Detroit native, Nicole Sylvester began her career as a Producer/Director at Comcast Cablevision, directing live-action television, call-in talk shows, pre-teen programming and music specials. Her days at the cable company culminated in her documentary Lonely Eagles: Airmen of Tuskegee, nominated for both a national Cable ACE and a Cable ICE Award.
Nicole made the transition to film production by producing and directing the short film The Stop which played in several film festivals, winning Best Short in the Cinema Shorts Internet Film Festival, and showing on WTVS-PBS Detroit, her second short film minor blues, about on-the-edge musicians, won the Meet Martell at the Movies Film Festival; was accepted in the East Lansing Film Festival, and screened in New York through BlackFilm.com.

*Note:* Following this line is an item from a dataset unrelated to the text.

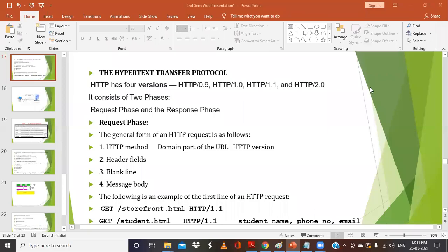In the previous class we discussed about the URL and we also discussed about the MIME types. MIME basically helps the browser to get access to a particular file type. When we are searching something on the internet, the file type can be a document, an audio file, a video file, and so on. MIME helps the browser to know which type of file the user wants or has requested.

Nicole recently produced the web series Queen Hussy, a raunchy mock reality show comedy based in 1974, and A Home Going, a short film that is part of a feature film made up of multiple individual stories. Nicole made her feature film directorial debut with Layla’s Girl, a heartwarming film about one woman’s journey toward peace and healing after the death of her estranged mother. The film, co-starring Richard Gant (Men of A Certain Age, The Big Lebowski), had its Michigan premiere at the Museum of African American History, and has since played at the Brooklyn Indie House in New York, the Detroit Women of Color Int’l Film Festival, Urban Mediamakers Festival in Atlanta, and the Waterfront Film Festival.
Other projects that Nicole has produced or directed include the feature film 17000 Block, distributed on DVD by First Look Entertainment, the music videos for former Destiny’s Child member LeToya Luckett and rap artists Bizarre, Cosa Boys and Lil Mike Mike. As a Production Coordinator, Nicole has worked on films such as 8 Mile (Universal Pictures), 61* (HBO), Hardball (Paramount) and the Funk Brothers documentary Standing in the Shadows of Motown (Rimshot). She was Director of Distribution for Jeff Daniels feature film Super Sucker (Purple Rose Films) and programmer for the 1st Annual Farmington Funny Film Festival.
Nicole’s years of experience have garnered her many awards and accolades. In addition to award nominations for her documentary, Nicole received a Cable ICE award for her special, The North American International Auto Show and promotion of her film 17000 Block received two Telly Award nominations. She is also the recipient of three Public Benefit Corporation grants for film productions. Nicole has been a featured guest on FOX 2 News Morning, WXYZ 7 Sunday Morning News, PBS’ American Black Journal, and the WJLB FM 98 Morning Show. A member of New York Women In Film and Television, a board member of DnA and a former board member of the Detroit Film Center, she has been an invited panelist at the Mayor’s Film Office open forum in Detroit; the Motor City International Film Festival; the Detroit and Windsor International Festival of Film, the Muskegon Film Festival, the Black Cinema Café Film Screening, and at Specs Howard School of Broadcast Arts, of which she is also an alumna.
Nicole is developing several film projects including producing the feature film Baby of the Family, and her second directorial feature A Man’s World, about a wife who conspires to take over her husband’s crime syndicate.